#### [What you have to do]
Go through the entries below and return every line that contains "Original".

(Records from a data source)
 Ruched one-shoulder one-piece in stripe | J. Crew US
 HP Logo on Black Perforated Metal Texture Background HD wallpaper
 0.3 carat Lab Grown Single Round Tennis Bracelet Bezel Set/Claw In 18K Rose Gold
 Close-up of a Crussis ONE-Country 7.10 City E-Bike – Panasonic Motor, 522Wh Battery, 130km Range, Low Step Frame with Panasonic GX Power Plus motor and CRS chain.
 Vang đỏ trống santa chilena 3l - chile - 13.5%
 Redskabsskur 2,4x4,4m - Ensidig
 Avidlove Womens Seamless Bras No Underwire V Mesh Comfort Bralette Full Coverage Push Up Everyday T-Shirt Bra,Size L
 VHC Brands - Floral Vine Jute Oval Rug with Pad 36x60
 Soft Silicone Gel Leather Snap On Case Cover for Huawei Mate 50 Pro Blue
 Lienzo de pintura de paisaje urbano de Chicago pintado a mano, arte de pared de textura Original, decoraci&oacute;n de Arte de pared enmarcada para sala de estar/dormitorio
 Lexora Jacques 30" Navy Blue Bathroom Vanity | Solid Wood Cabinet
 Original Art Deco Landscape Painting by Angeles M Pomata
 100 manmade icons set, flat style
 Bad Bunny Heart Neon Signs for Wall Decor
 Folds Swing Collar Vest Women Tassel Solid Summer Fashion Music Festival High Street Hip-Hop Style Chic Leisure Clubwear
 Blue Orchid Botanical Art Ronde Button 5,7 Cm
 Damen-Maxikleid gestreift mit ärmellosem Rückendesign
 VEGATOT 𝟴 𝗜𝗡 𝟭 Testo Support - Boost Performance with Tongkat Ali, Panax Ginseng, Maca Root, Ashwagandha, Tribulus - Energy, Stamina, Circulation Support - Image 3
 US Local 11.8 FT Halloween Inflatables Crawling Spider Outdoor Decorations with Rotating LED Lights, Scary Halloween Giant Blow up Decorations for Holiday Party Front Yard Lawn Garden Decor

#### [Solution for this exercise]
 Lienzo de pintura de paisaje urbano de Chicago pintado a mano, arte de pared de textura Original, decoraci&oacute;n de Arte de pared enmarcada para sala de estar/dormitorio
 Original Art Deco Landscape Painting by Angeles M Pomata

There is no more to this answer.